【paddle.fleet】add auto parallel L1 implementations #27090

guru4elephant · 2020-09-06T04:08:50Z

PR types

New features

PR changes

APIs

Describe

make distributed strategy easy to config with the following example

import paddle
import paddle.distributed.fleet as fleet
fleet.init(is_collective=True)
input_x = paddle.fluid.layers.data(name="x", shape=[32], dtype='float32')
input_y = paddle.fluid.layers.data(name="y", shape=[1], dtype='int64')

fc_1 = paddle.fluid.layers.fc(input=input_x, size=64, act='tanh')
fc_2 = paddle.fluid.layers.fc(input=fc_1, size=64, act='tanh')
prediction = paddle.fluid.layers.fc(input=[fc_2], size=2, act='softmax')
cost = paddle.fluid.layers.cross_entropy(input=prediction, label=input_y)
avg_cost = paddle.fluid.layers.mean(x=cost)

strategy = paddle.distributed.fleet.DistributedStrategy()
strategy.auto = True
optimizer = paddle.fluid.optimizer.SGD(learning_rate=0.01)
optimizer = fleet.distributed_optimizer(optimizer, strategy=strategy)
optimizer.minimize(avg_cost)

test=develop

paddle-bot-old · 2020-09-06T04:08:55Z

Thanks for your contribution!
Please wait for the result of CI firstly. See Paddle CI Manual for details.

paddle-bot-old · 2020-09-06T04:08:57Z

✅ This PR's description meets the template requirements!
Please wait for other CI results.

test=develop

gavin1332 · 2020-09-07T02:07:16Z

python/paddle/distributed/fleet/base/distributed_strategy.py

+    return __impl__
+
+
+is_strict_auto = wrap_decorator(__non_auto_func_called__)


This keyword is a little hard to be understood. Could we name it 'reset_auto_flag' as what it exactly does?

this is just a check, whether a user is using strictly auto configuration. Here is a strictly auto configuration.

strategy = DistributedStrategy() strategy.auto = True

Here is a case that is not a strict auto configuration.

strategy = DistributedStrategy() strategy.amp = True strategy.auto = True

gavin1332

I think the global auto flag should not be shared with other strategies. For it is hard to be controlled. E.g. two strategies have auto capacity both, and one requires auto but the other not.

So I suggest to assign auto the highest priority, which shields other strategies . And if one strategy could be 'auto' separately, it should has its own auto configuration.

gavin1332 · 2020-09-07T02:19:47Z

It is not good to see the the is_strict_auto decorator broadcast everywhere.

wangxicoding · 2020-09-07T03:11:19Z

python/paddle/distributed/fleet/meta_optimizers/dgc_optimizer.py

@@ -69,6 +69,10 @@ def _disable_strategy(self, dist_strategy):
        dist_strategy.dgc = False
        dist_strategy.dgc_configs = {}

+    def _enable_strategy(self, dist_strategy):
+        dist_strategy.dgc = True


Will auto parallel open all the options that can be turned on?
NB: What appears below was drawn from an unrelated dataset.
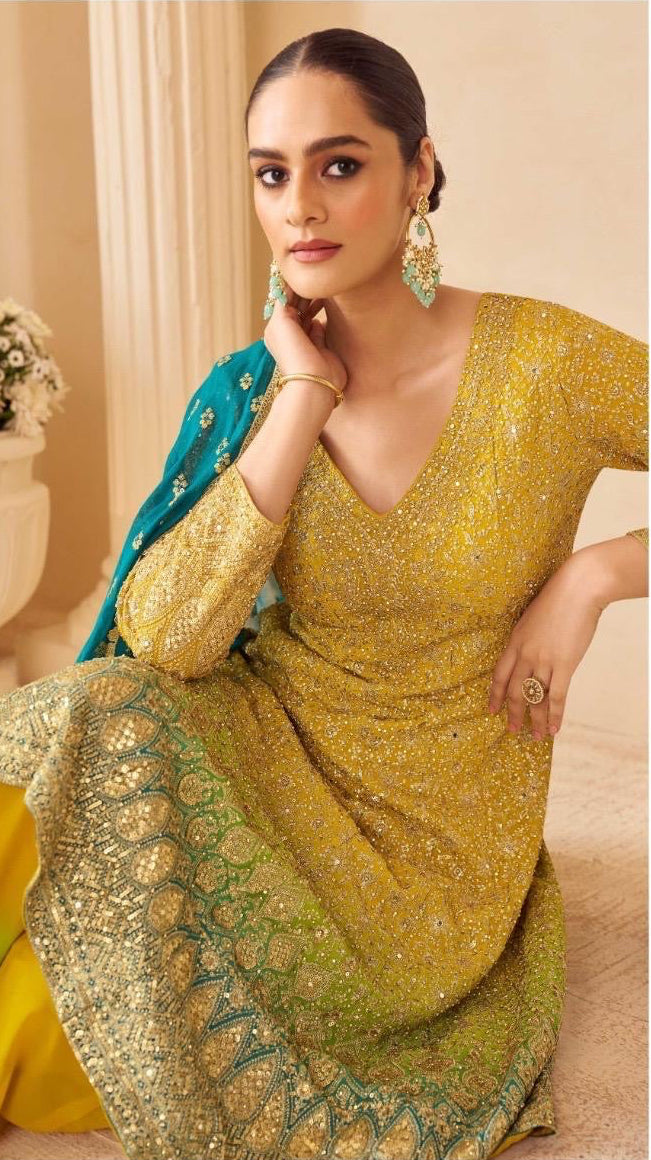 Yellow Teal Heavy Anarkali Style Swaroski Embroidered Party Wear Palazzo Suit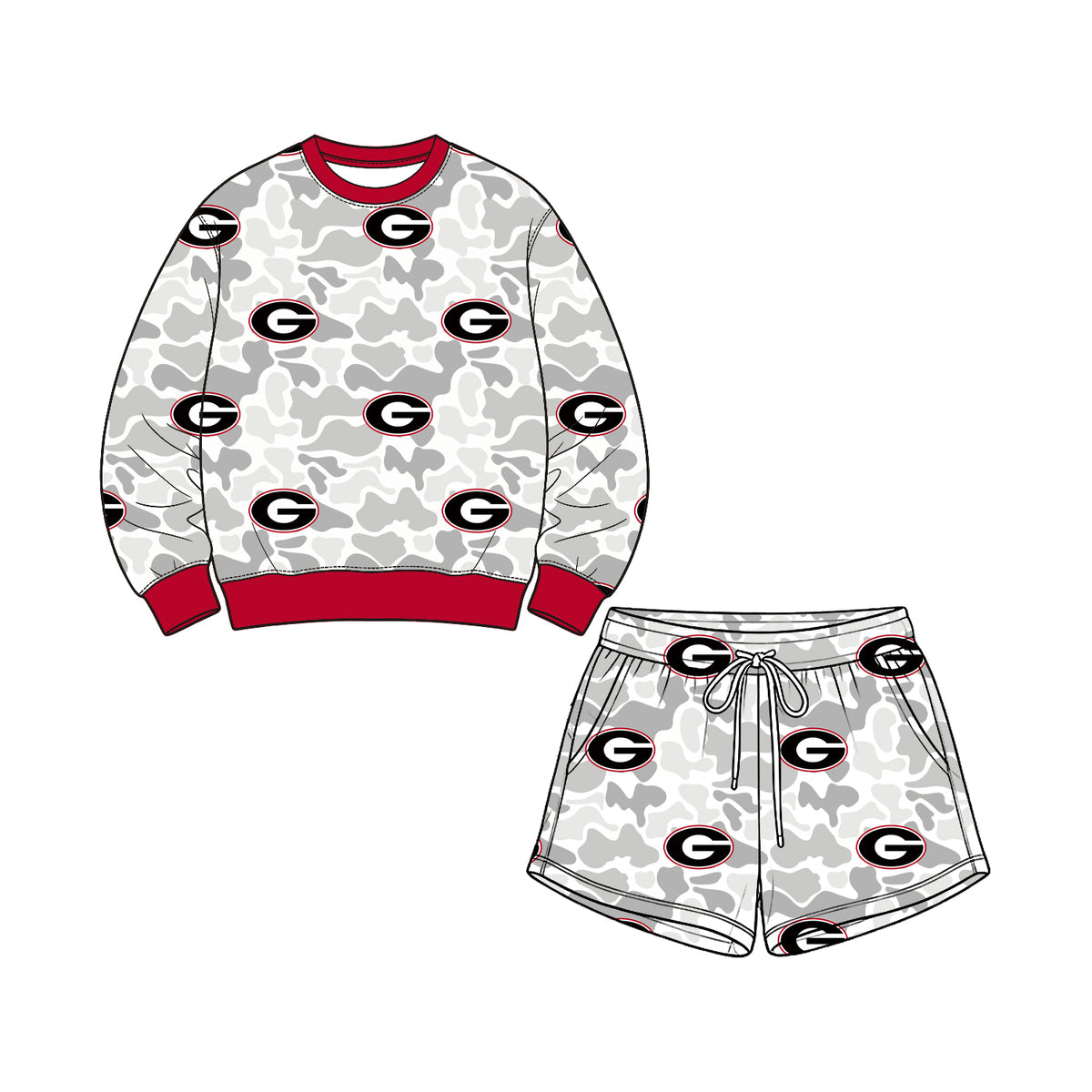 Preorder (moq 5) Kids Clothes Camo Letter G Mixed Print Long Sleeve Sweatshirt Short Pant Set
I think some options should not be turned on by default, otherwise accuracy may be lost.
For example, DGC may require warm-up which needs to be set by users, otherwise accuracy may be lost. Auto parallel needs to ensure accuracy without loss.

depends on the network condition. I think current dgc is not intelligent that we should improve to remove the warmup thing. The enable_strategy interface does not require all meta optimizers to be valid.

guru4elephant · 2020-09-07T04:07:50Z

I think the global auto flag should not be shared with other strategies. For it is hard to be controlled. E.g. two strategies have auto capacity both, and one requires auto but the other not.

So I suggest to assign auto the highest priority, which shields other strategies . And if one strategy could be 'auto' separately, it should has its own auto configuration.

The aim of auto is to make the interface easy to learn and use, not to show we can do different strategies automatically.
It is recommended to remove user defined configurations for each meta optimizer, otherwise meta optimizers should not be opened if user defined configurations exist.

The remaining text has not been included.